LONDRES, 6 mars (Reuters) - Alors que le "Super Tuesday" a confirmé que Donald Trump se représenterait face à Joe Biden lors de la prochaine élection présidentielle américaine prévue en novembre, les investisseurs se préparent à un retour du candidat Républicain à la Maison blanche.

1/ Tensions commerciales

Toute aggravation des tensions commerciales entre les États-Unis et d'autres grandes économies pourrait ébranler les marchés boursiers mondiaux, qui atteignent actuellement des niveaux records.

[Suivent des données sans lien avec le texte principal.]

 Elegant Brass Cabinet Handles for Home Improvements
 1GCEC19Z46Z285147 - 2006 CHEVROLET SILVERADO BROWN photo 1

Les responsables européens craignent que Donald Trump ne réimpose les droits de douane sur les importations d'acier et d'aluminium depuis le bloc, suspendus depuis par Joe Biden, ou qu'il ne s'intéresse aux voitures ou aux restrictions imposées par l'UE aux grandes entreprises technologiques américaines.

Donald Trump a déclaré qu'il envisagerait d'imposer des droits de douane de 60% sur les produits chinois, une mesure qui, selon Capital Economics, pourrait réduire le PIB de la Chine de 0,7% si elle était accompagnée d'un contrôle plus strict des tarifs douaniers.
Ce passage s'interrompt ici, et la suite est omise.